Clinton speaks of 'economic freedom'--freedom for Chinese and foreign capitalists to pursue their profit interests without interference by the state--as though there was some necessary connection between this and genuine political freedom for the masses. There is no such connection.

Foreign investment in China has been fueled by the drive of giant transnational corporations to find the cheapest possible labor. They have poured hundreds of billions into China precisely because the Beijing dictatorship offered what an observer once described as a regime of 'free market totalitarianism.' The Chinese working class is deprived of all rights: there are no genuine trade unions, all public protest is outlawed, all open opposition to conditions of exploitation is suppressed.

Under the impact of global competition and the mounting economic crisis in Asia, the Stalinist bureaucracy is driven to intensify, not relax, its anti-democratic policies. The economic policies pursued by Beijing--with the enthusiastic endorsement of Clinton and Wall Street--cannot be imposed without widespread violence and repression directed at the resistance which such measures will inevitably provoke.

And not only in China. Throughout the world, in every country, the ruling classes are driven by the imperatives of the global market to slash public services and social benefits, privatize state-run industries and destroy good-paying jobs. This cannot be done democratically.

For all Clinton's talk of human rights, he comes to China as the representative of a ruling class in the United States which is undermining and attacking whatever democratic freedoms still remain in America. The United States leads the industrialized world in executing and jailing its own citizens, and is exceeded in some indices of repression only by China itself.
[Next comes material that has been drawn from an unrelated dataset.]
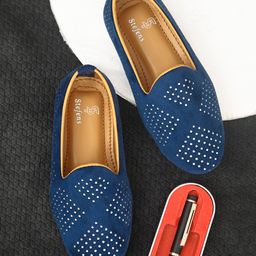 Stefens Polka Dots Printed Mojaris - Blue-image-67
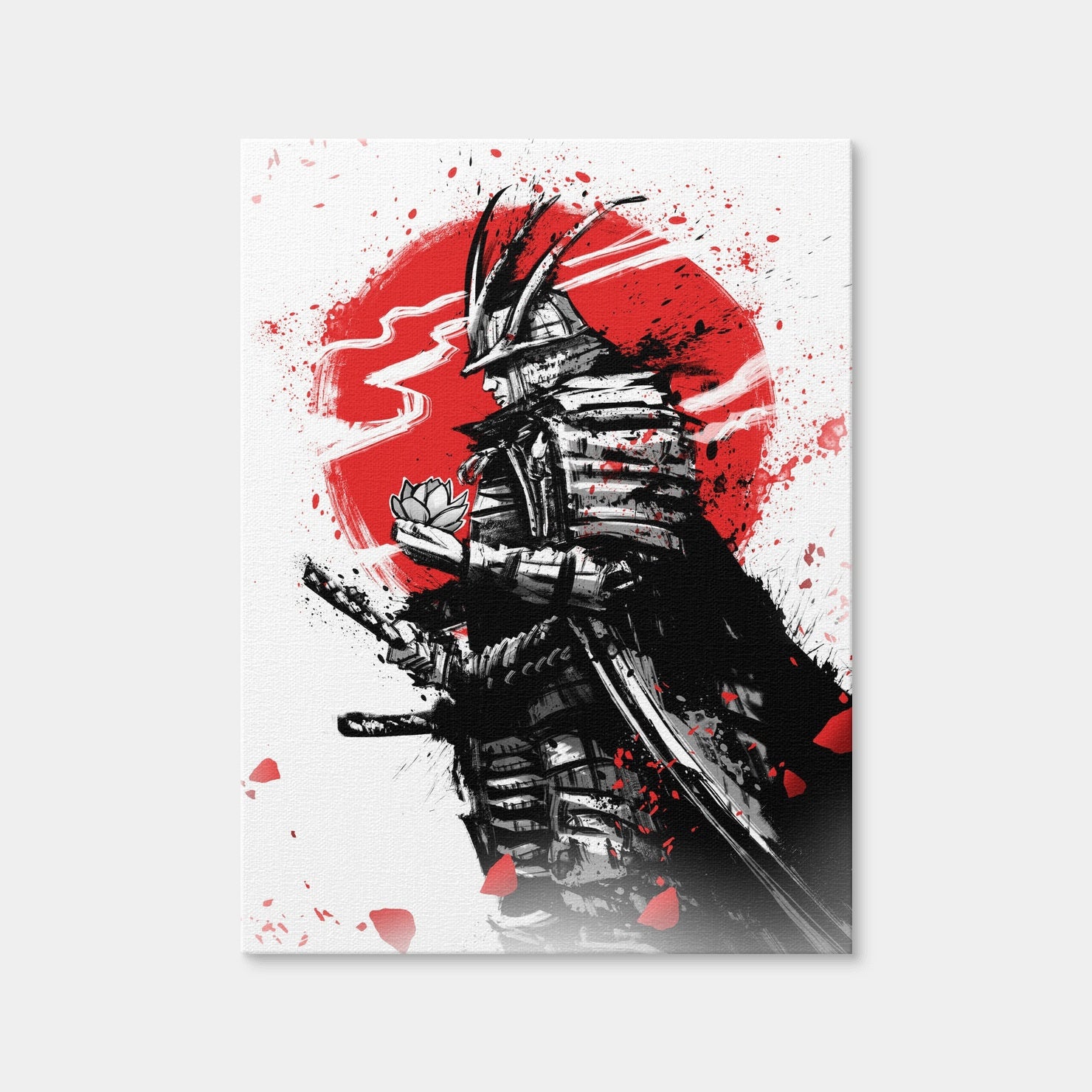 AUTO-MOCKUP WHITE | Samurai in Armor and Helmet | 1 Piece | Gallery Wrap Canvas | group=3x4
Neither in China nor in the United States can democratic rights be defended or extended through appeals to the ruling elite. Neither the Chinese Stalinist bureaucacy nor the American plutocracy will voluntarily relax its grip on power and privilege. The defense of political freedoms, and the establishment of genuine economic security for the masses--good-paying jobs, decent living conditions, guaranteed access to health care and education--require the building of a mass political movement based on the working class.

See Also:
Clinton looks to Beijing to stave off wider financial crisis
[1 July 1998]
Clinton's trip to China shadowed by crisis at home and abroad
[25 June 1998]
Deng Xiaoping and fate of the Chinese Revolution
[12 March 1997]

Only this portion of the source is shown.